### What the task requires
Each line of the data below between the one containing "2116 Cattail Way, Hudson, WI" and the one containing "2008 Peterbilt 389 in Hutchins, TX — photo 8", both included, is to be repeated exactly. Please omit pictures.

### Extracted material
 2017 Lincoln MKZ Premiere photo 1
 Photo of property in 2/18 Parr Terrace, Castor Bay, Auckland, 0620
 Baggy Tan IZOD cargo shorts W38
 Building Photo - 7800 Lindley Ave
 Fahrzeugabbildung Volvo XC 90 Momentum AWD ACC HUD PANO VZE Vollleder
==
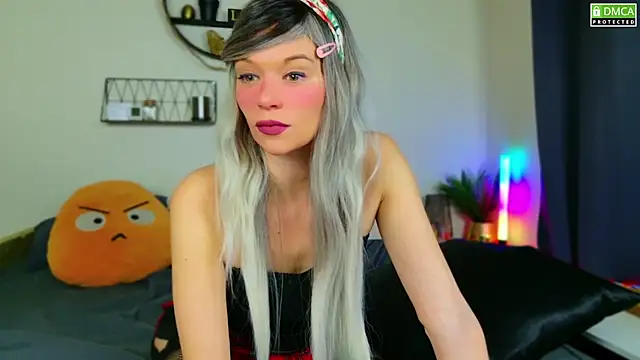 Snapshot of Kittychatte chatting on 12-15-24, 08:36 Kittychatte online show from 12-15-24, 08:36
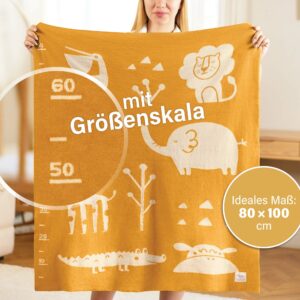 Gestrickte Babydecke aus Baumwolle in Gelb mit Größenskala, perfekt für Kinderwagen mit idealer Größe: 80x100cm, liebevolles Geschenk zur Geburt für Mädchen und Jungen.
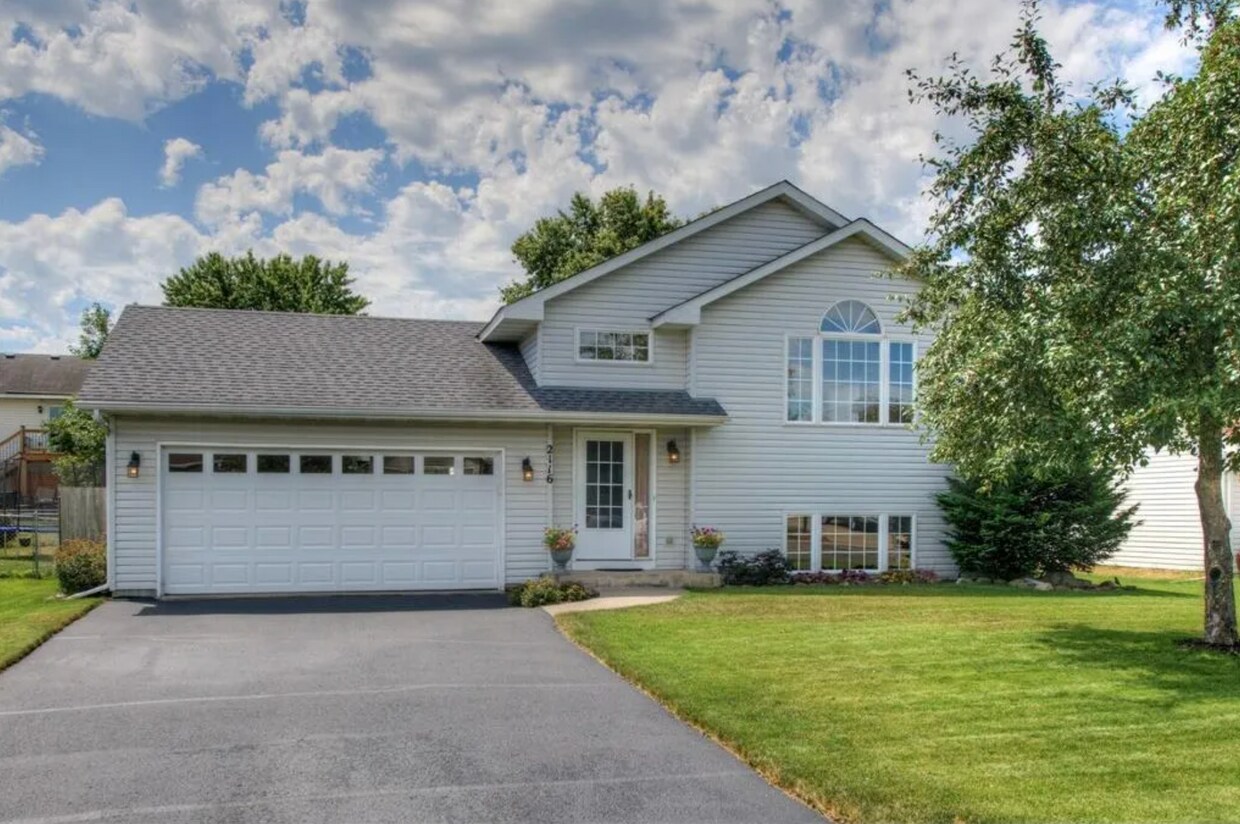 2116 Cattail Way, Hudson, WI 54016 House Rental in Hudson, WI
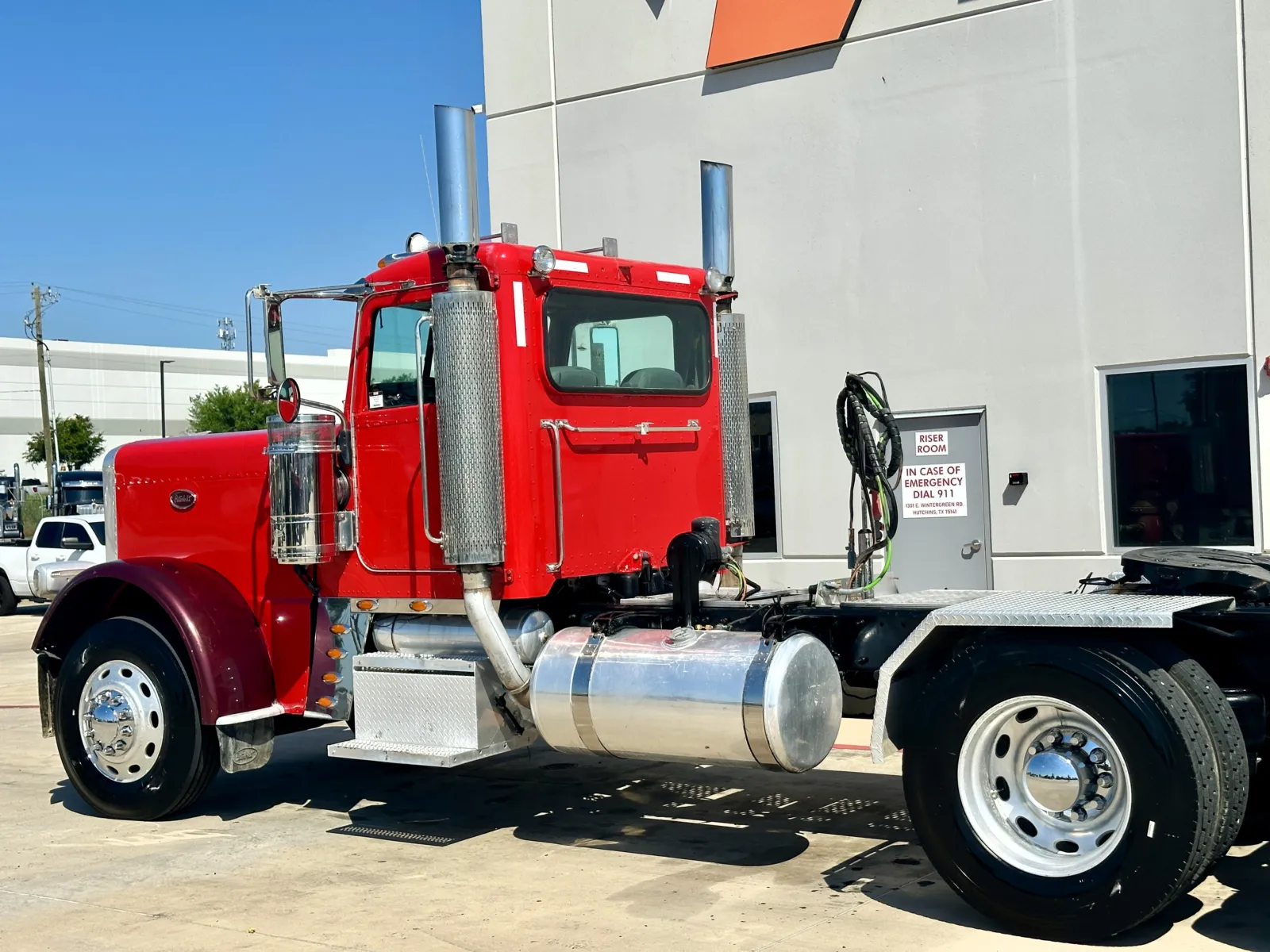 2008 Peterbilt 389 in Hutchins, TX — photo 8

### Written answer
 2116 Cattail Way, Hudson, WI 54016 House Rental in Hudson, WI
 2008 Peterbilt 389 in Hutchins, TX — photo 8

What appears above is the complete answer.